On the slow nights, Vreth picks up her flowerpot between songs and the band take her upstairs and then upstairs again till they're outside on the roof beneath the stars. She looks up and she smiles at the baboon in the moon, her god, god of knowledge, god of wisdom, god of magic, god of fate, and she wonders if he always knew what her fate would be, if he wrote it on the brick she was birthed on, that she'd live to see the ending of the world. 

When people want to change, they come to her. She's happy to oblige.

Over the years there in the temple, she read the forty-two books of Thoth that he'd given to his priests so long before. At night she'd sneak out of her room and leave the other girls behind, she'd swim in the sacred lake under the moon till she was sure she was just as pure as any of the priests were and then dry herself on borrowed linens and steal in past the sleeping guards. He sneaked into the courtyard, skirted shadows in the columned hall, worked up the courage night on night to open up that final door and step into Thoth's innermost sanctuary. She found the shrine there, the one the god's statue lived inside and she went down on her knees each night to say how sorry she was for being there, except she knew she wasn't sorry for that at all.

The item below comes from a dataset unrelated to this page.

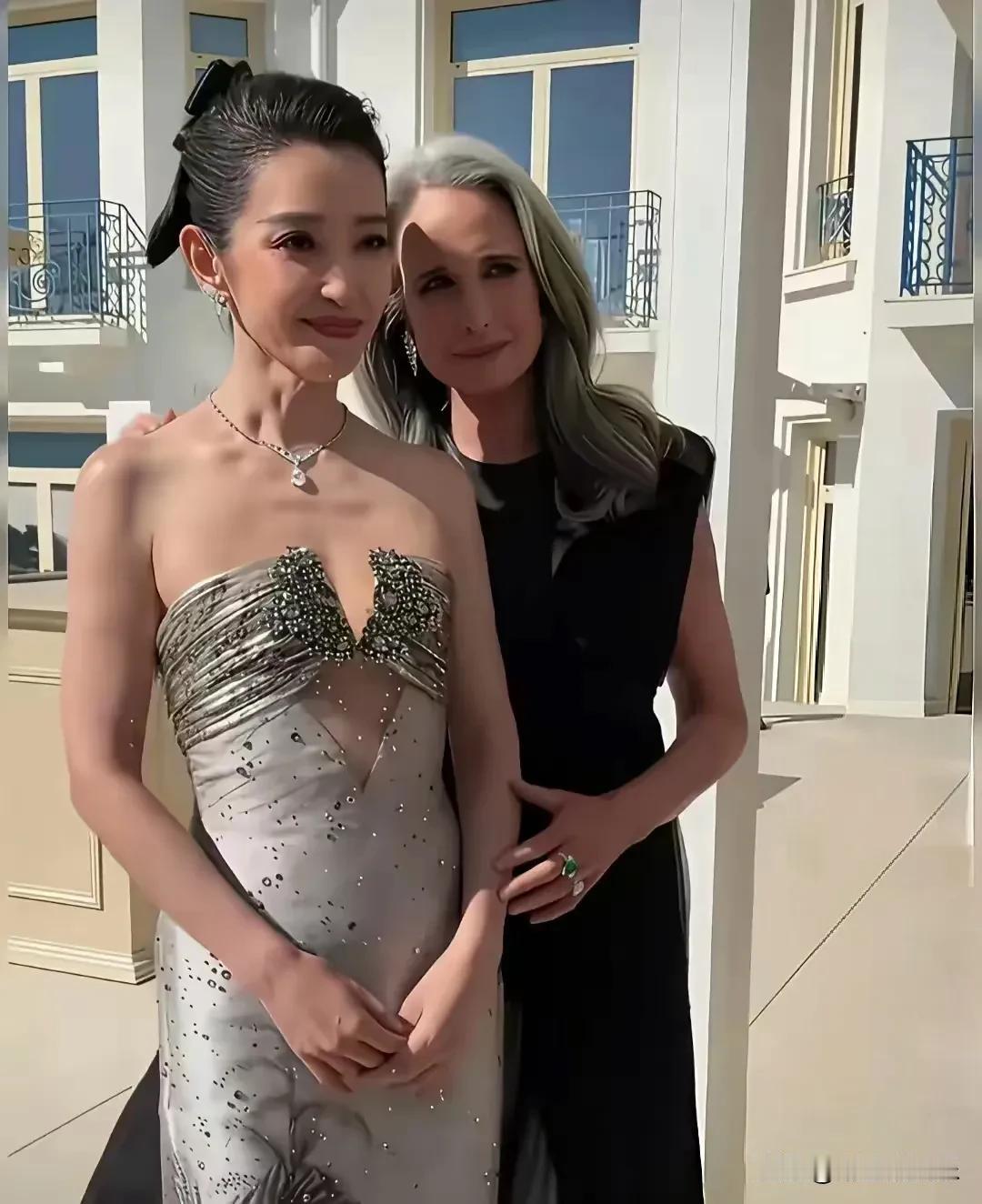 事实证明，女人到了一定年纪真不能太瘦。

不信你看看不服老的李冰冰，穿上露肩紧身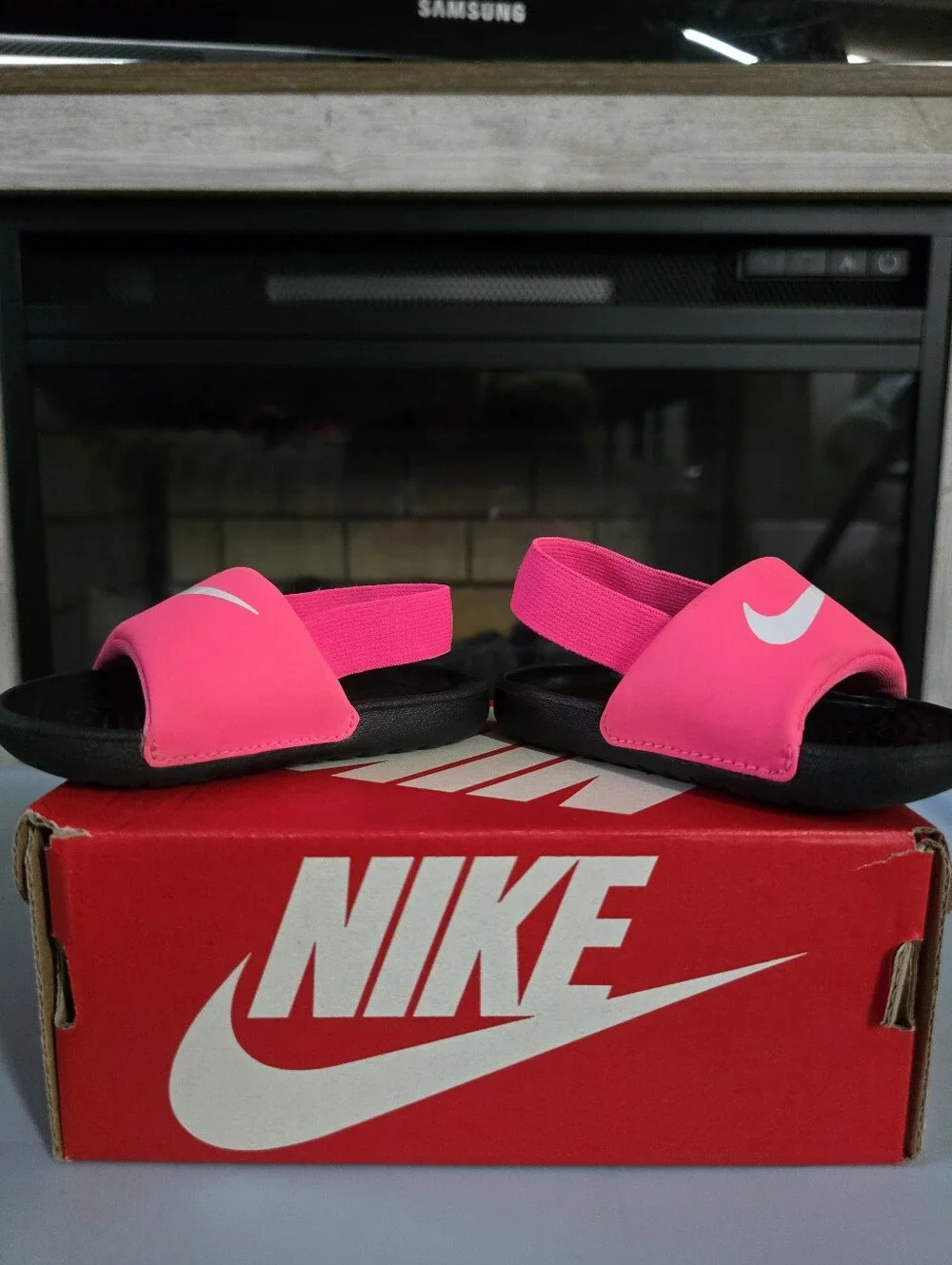 Nike Sunray Protect 2 Toddler Sandals Pink Black White Size 5C With Box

Thoth didn't seem to mind; on the sixth night, the light shifted and reflected off the gilded door of the cabinet where the scrolls were kept. She took it as a sign. She began to read.

Forty-two scrolls took time to read. They took three years, three long years of sneaking here and there and kneeling on the sanctuary floor, each book leading into the next till her knowledge was perfect. When she finished, she understood why no one priest was permitted to read them all; the night them found her, she finally knew how the world was made and how to alter it. The shame of it is that she just can't alter herself. 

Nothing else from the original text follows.